> _Problem details_: Send back the records in full, character for character.

> _Input_:
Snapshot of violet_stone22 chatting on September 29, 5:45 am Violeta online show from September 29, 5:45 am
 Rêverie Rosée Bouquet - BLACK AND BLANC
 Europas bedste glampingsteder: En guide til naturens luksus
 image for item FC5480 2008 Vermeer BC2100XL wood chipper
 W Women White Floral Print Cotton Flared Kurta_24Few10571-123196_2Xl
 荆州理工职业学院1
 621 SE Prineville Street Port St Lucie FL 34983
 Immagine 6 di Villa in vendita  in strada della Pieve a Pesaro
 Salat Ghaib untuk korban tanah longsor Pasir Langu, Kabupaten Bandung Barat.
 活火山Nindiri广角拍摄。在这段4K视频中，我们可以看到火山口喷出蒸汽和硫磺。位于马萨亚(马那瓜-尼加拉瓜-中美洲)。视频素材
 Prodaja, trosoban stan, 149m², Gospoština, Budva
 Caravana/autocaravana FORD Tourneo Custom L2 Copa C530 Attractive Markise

> _Response to this task_:
Snapshot of violet_stone22 chatting on September 29, 5:45 am Violeta online show from September 29, 5:45 am
 Rêverie Rosée Bouquet - BLACK AND BLANC
 Europas bedste glampingsteder: En guide til naturens luksus
 image for item FC5480 2008 Vermeer BC2100XL wood chipper
 W Women White Floral Print Cotton Flared Kurta_24Few10571-123196_2Xl
 荆州理工职业学院1
 621 SE Prineville Street Port St Lucie FL 34983
 Immagine 6 di Villa in vendita  in strada della Pieve a Pesaro
 Salat Ghaib untuk korban tanah longsor Pasir Langu, Kabupaten Bandung Barat.
 活火山Nindiri广角拍摄。在这段4K视频中，我们可以看到火山口喷出蒸汽和硫磺。位于马萨亚(马那瓜-尼加拉瓜-中美洲)。视频素材
 Prodaja, trosoban stan, 149m², Gospoština, Budva
 Caravana/autocaravana FORD Tourneo Custom L2 Copa C530 Attractive Markise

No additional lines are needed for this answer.